Dopingforscher über Schwimmrekorde: "Die Leistungen werfen Fragen auf"

Für Dopingforscher Wilhelm Schänzer sind die im Water Cube von Peking gezeigten Leistungen anzuerkennen - bis das Gegenteil bewiesen ist.

Kann ein ungedopter Mensch so schnell schwimmen? Bild: dpa

WILHELM SCHÄNZER, 56, leitet das Institut für Biochemie an der Deutschen Sporthochschule Köln. Das IOC-akkreditierte Labor gehört zu den weltweit führenden Einrichtungen der Dopinganalytik und hat viele der heute international üblichen Kontrollmethoden entwickelt.

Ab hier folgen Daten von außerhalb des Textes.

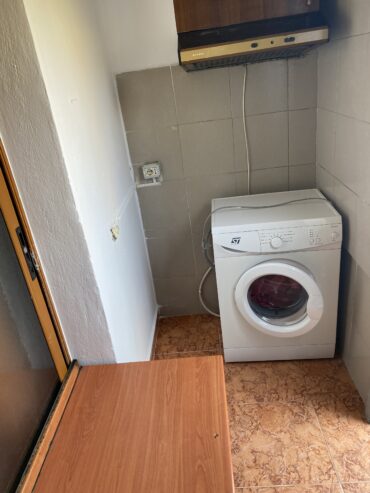 🏠 Jepet Garsioniere me Qira te ish Tregu Elektrik, Tiranë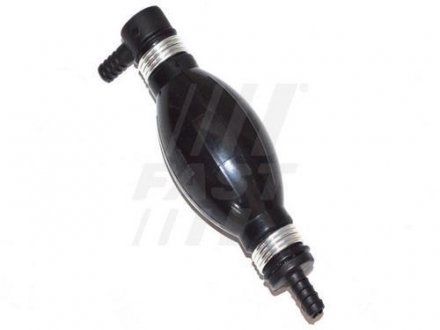 FT53039 Fuel pump manual FAST подбор по vin на Brocar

taz: Herr Schänzer, Michael Phelps gewinnt bisher alle seine Rennen mit Weltrekordzeiten und verbessert diese deutlich. Ist das noch durch optimiertes Training zu erklären?

Wilhelm Schänzer: Man muss davon ausgehen, dass Technik, Training und individuelle Konstitution die Faktoren für die Erfolge sind. Natürlich machen die Zeiten einen stutzig. Die Leistungen sind gewaltig und werfen Fragen auf.

Welche Fragen?

Man müsste prüfen, wie oft die Sportler getestet wurden. Außerdem wissen wir, dass es Wirkstoffe gibt, die bei Tieren zu massiven Leistungssteigerungen geführt haben. Ob die beim Menschen auch in der Form wirken und ob sie überhaupt eingesetzt werden, ist mir allerdings nicht bekannt.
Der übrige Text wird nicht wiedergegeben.